Repeat the data that follows verbatim. Images are not part of the copy.

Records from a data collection
• • •
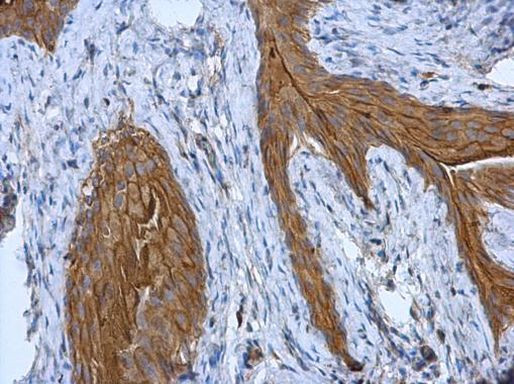 Cytokeratin 18 Antibody in Immunohistochemistry (Paraffin) (IHC (P))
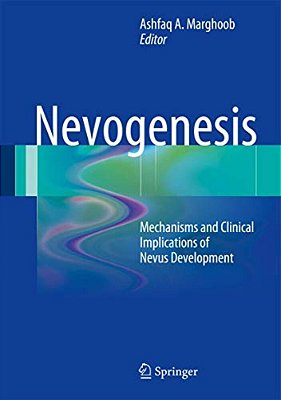 Nevogenesis: Mechanisms And Clinical Implications Of Nevus Development-..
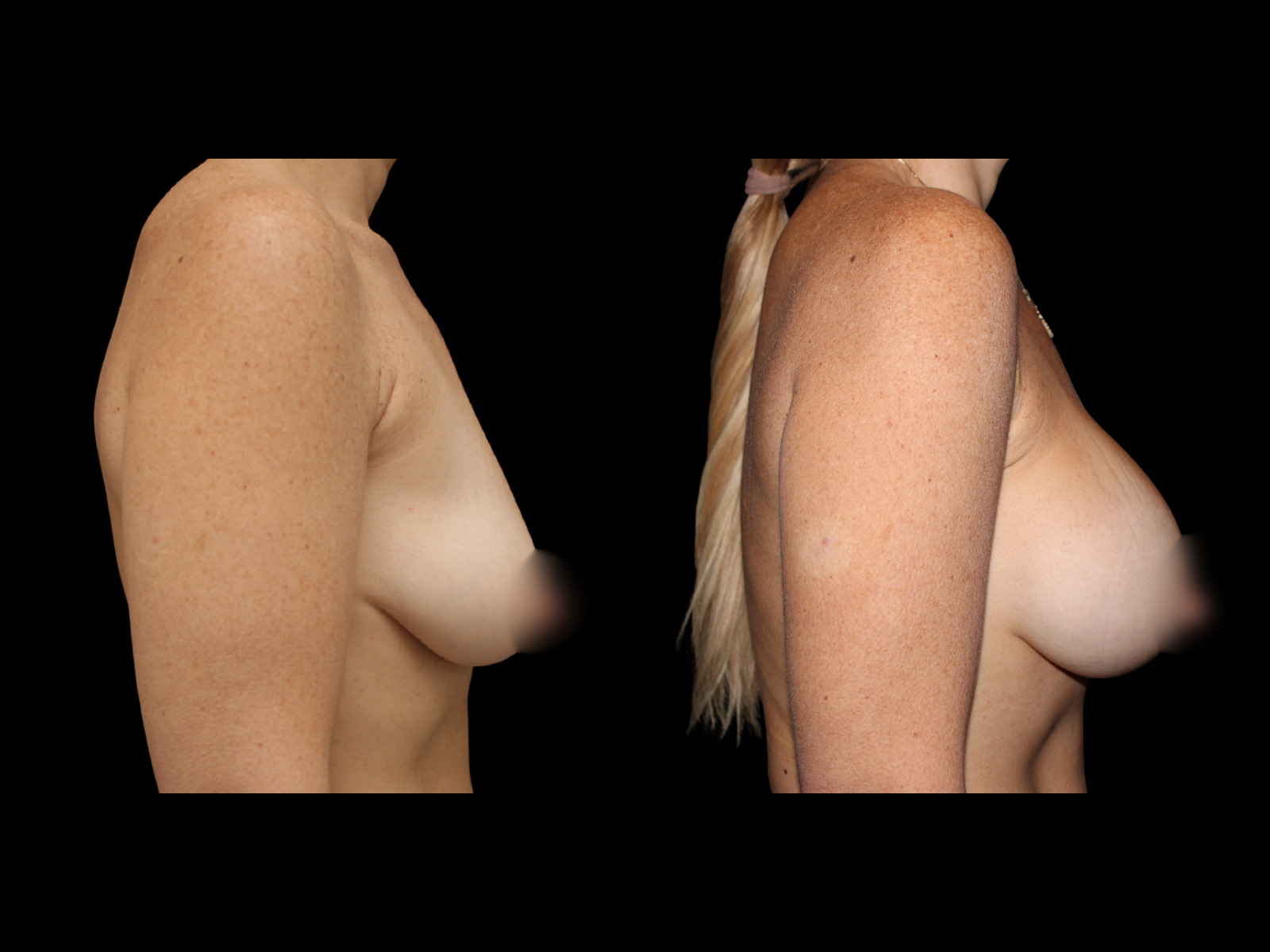 breast-aug-before-and-after-coral-gables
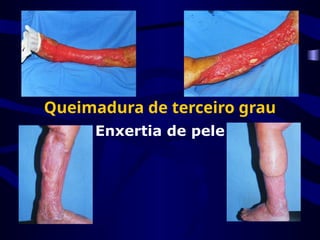 Queimadura de terceiro grau
Enxertia de pele
 
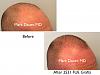 Click image for larger version

Name:	Hair Transplant Slides copy17.003.jpg

Size:	11.4 KB
ID:	44123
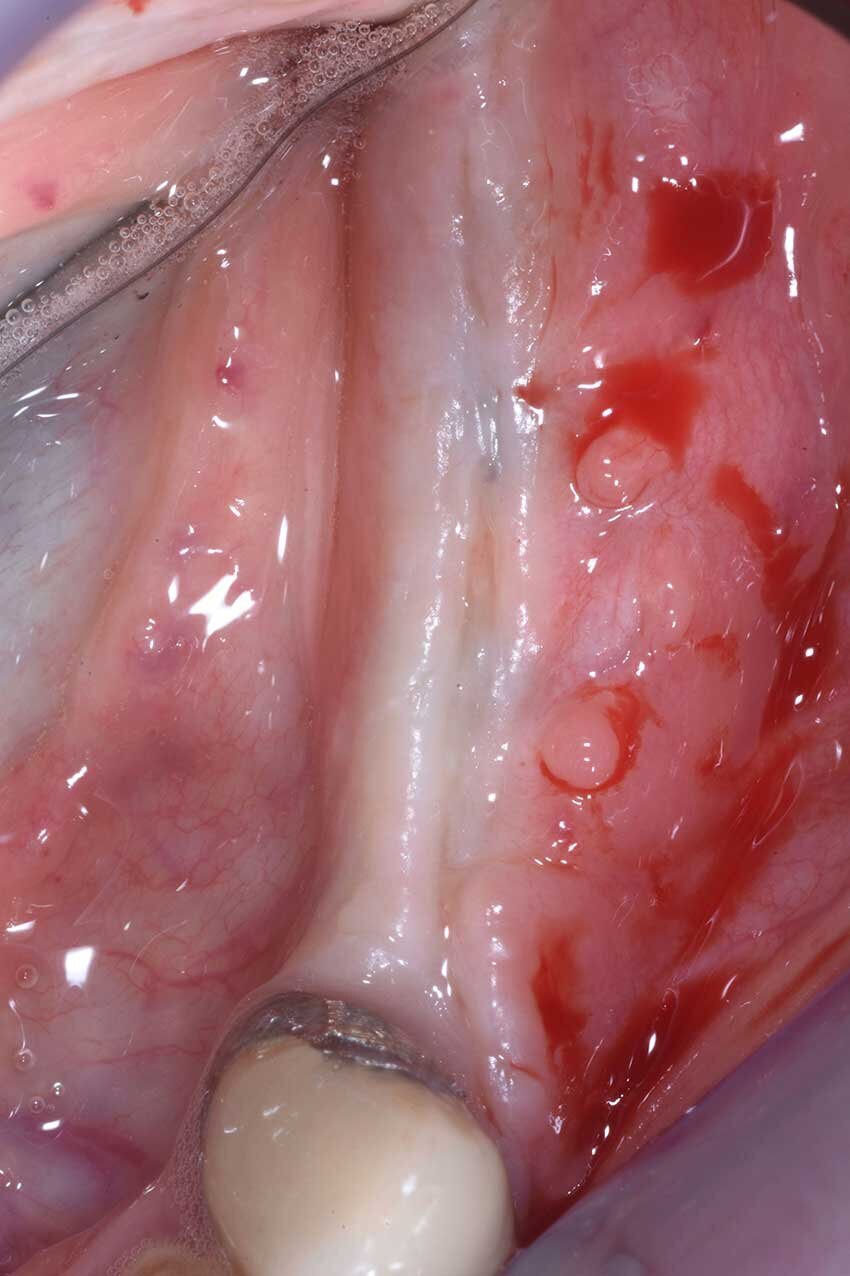 Fig. 9b - La cresta a 6 mesi di distanza.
• • •
TASK ANSWER
 Cytokeratin 18 Antibody in Immunohistochemistry (Paraffin) (IHC (P))
 Nevogenesis: Mechanisms And Clinical Implications Of Nevus Development-..
 breast-aug-before-and-after-coral-gables
 Queimadura de terceiro grau
Enxertia de pele
 
 Click image for larger version

Name:	Hair Transplant Slides copy17.003.jpg

Size:	11.4 KB
ID:	44123
 Fig. 9b - La cresta a 6 mesi di distanza.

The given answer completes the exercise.